German automaker Volkswagen is under fire for using sonic devices to alter storm clouds in the atmosphere and subsequently causing a long-lasting drought that has harmed Mexican farmers, France 24 reports. Supposedly the devices prevent the formation of hail, which ultimately protects the vehicles below when no hail falls. Skeptics doubt that the devices — known as “hail cannons” actually work, but farmers aren’t convinced, and they’re demanding compensation from Volkswagen.

The farmers aren’t having it because, they say, “the sky literally clears and it simply doesn’t rain” when the devices are in use. Volkswagen responded by promising to turn off the automatic mode on the cannons and to invest in protective mesh to protect their vehicles.

Despite what the skeptics say, whether they’re scientists or not, weather modification is a real thing, whether it comes in the form of “hail cannons” or in the very real form of cloud seeding, in which dry ice pellets or silver iodide are applied to clouds to modify their output to increase precipitation, create fog — and decrease hail.

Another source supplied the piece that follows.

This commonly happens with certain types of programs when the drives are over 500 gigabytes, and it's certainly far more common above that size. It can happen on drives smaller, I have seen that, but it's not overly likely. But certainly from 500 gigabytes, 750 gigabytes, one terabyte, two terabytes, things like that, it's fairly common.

The fact is artificial manipulation of the weather is occurring with governmental approval in more than 50 countries, including the U.S., where about $15 million is spent on cloud-seeding projects annually. It’s used in North Dakota, for instance, not only to promote rain but also to inhibit hail (and thereby reduce hail damage to crops). Cloud seeding is also sometimes used to clear fog.

In California, meanwhile, a mountain-top “cloud seeder” has been used to enhance rain and snow in efforts to fight drought. It also has been used in “flare trees” installed on the hilltops to send silver iodide into the clouds.

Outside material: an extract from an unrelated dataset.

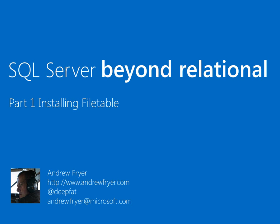Hello, I'm Andrew Fryer, a technical evangelist at Microsoft in the UK. In this screencast, I want to show you FileTable, which is a new feature in SQL Server project named Denali.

As its popularity grows, however, some are asking whether the practice is cost effective and whether it could end up having some negative effects on the weather, the latter of which is why some farmers in North Dakota are asking for the area’s cloud-seeding programs to end.

In addition, weather modification doesn’t end with cloud seeding. Programs have been attempted to reduce the intensity and/or direction of tornadoes and tropical storms, for instance, while other methods have been used aside from cloud seeding to enhance rainfall. And, sadly, in many instances the outcomes go beyond the expectations, and not always for the better.

The thing is, as the Mexican farmers insist, modifying the weather can have unwanted results even when the intended results are achieved. If nothing else, we have no idea how much the chemicals used in cloud seeding affect humans below. Could the silver iodide be triggering cancers in some people? Do we need to “detox” in areas where this weather manipulation is occurring?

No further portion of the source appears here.